LATE CRETACEOUS MOLLUSCAN FAUNAS OF THE SANTA MONICA MOUNTAINS, SANTA ANA MOUNTAINS, AND SIMI HILLS, SOUTHERN CALIFORNIA: A COMPARISON


SAUL, LouElla R., Invertebrate Paleontology Section, Natural History Museum of Los Angeles County, 900 Exposition Boulevard, Los Angeles, CA 90007 and ALDERSON, John M., 10628 Rountree Road, Los Angeles, CA 90064, jjalderson@earthlink.net

Upper Cretaceous strata in the Santa Monica Mountains (SMM) and Santa Ana Mountains (SAM) of southern California do not share identical lithologies and faunas as has been suggested. The diverse, late Turonian through early Campanian, mainly shallow-water marine molluscan faunas of the SAM do not occur in the SMM. Although sparse faunas dominated by ammonites are known from approximately the same time interval (late Turonian through ?Santonian) in the SMM, the SAM section contains older beds, characterized by Trochacteon and Liopistha.

Lenticular gray to black shale beds with plant fragments and a low diversity marine molluscan fauna characterized by abundant scaphitid ammonite specimens are widely distributed in the lower part of the Tuna Canyon Formation (TCF) in the SMM, but are not common in the SAM, except in the undivided Ladd Formation (LF) northeast of the Elsinore Fault near Corona.
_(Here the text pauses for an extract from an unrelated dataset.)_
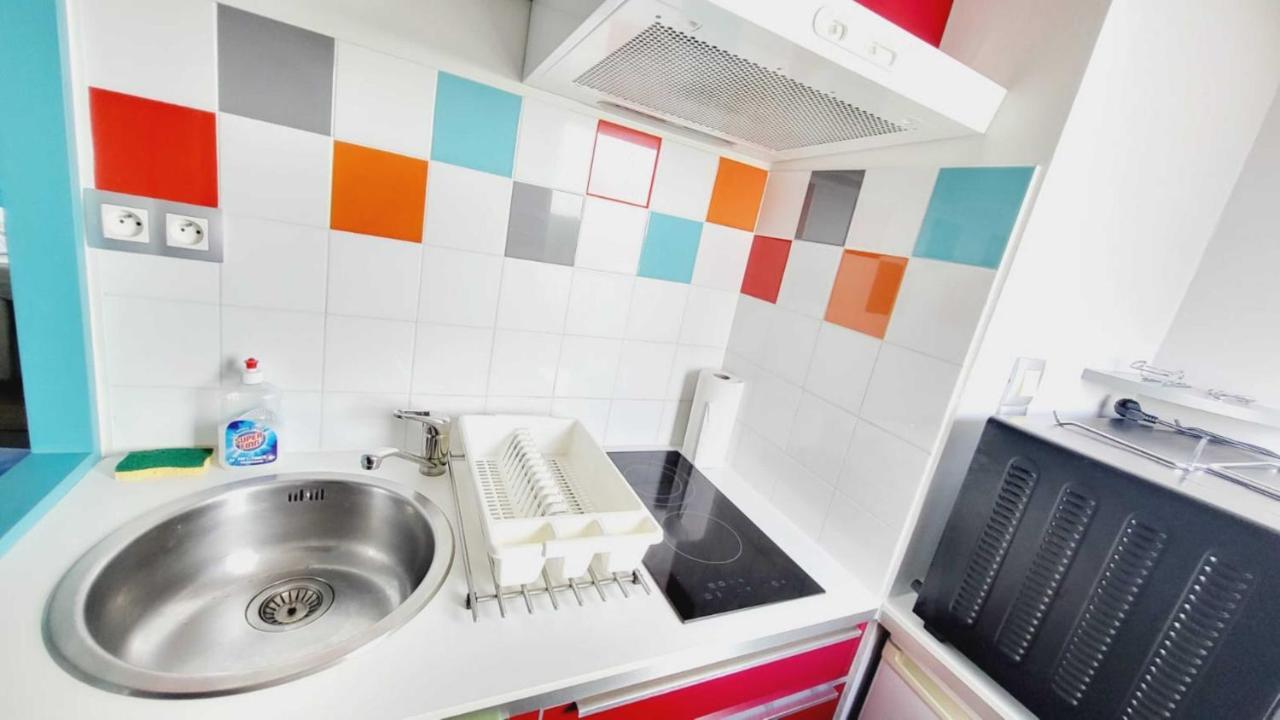 Les Logements De La Base Nautique - 100M De La Plage Saint-Jean-de-Monts Zewnętrze zdjęcie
In the SMM these beds have yielded numerous aptychi associated with Scaphites cf. S. planus.

Campanian shell beds in the lower part of the Chatsworth Formation (CF) in the Bell Canyon and Dayton Canyon areas of the Simi Hills (SH) were deposited during an interval represented by a hiatus at the base of the Schultz Member of the Williams Formation in the SAM. A hiatus of similar duration might be present in the SMM. Thickly bedded turbidite sandstone beds in the upper part of the CF of the SH contain green siltstone beds with crushed Baculites specimens. Similar beds are present in the uppermost part of the TCF in the SMM west of Rustic Canyon. However, molluscan faunas equivalent to those from near the top of the CF in the SH do not occur in the SMM and SAM.

Although Metaplacenticeras is present in all three areas, only the SMM and SAM faunas match well. At Dayton Canyon in the SH, Hoplitoplacenticeras is present, but the typical large Metaplacenticeras pacificum is unknown.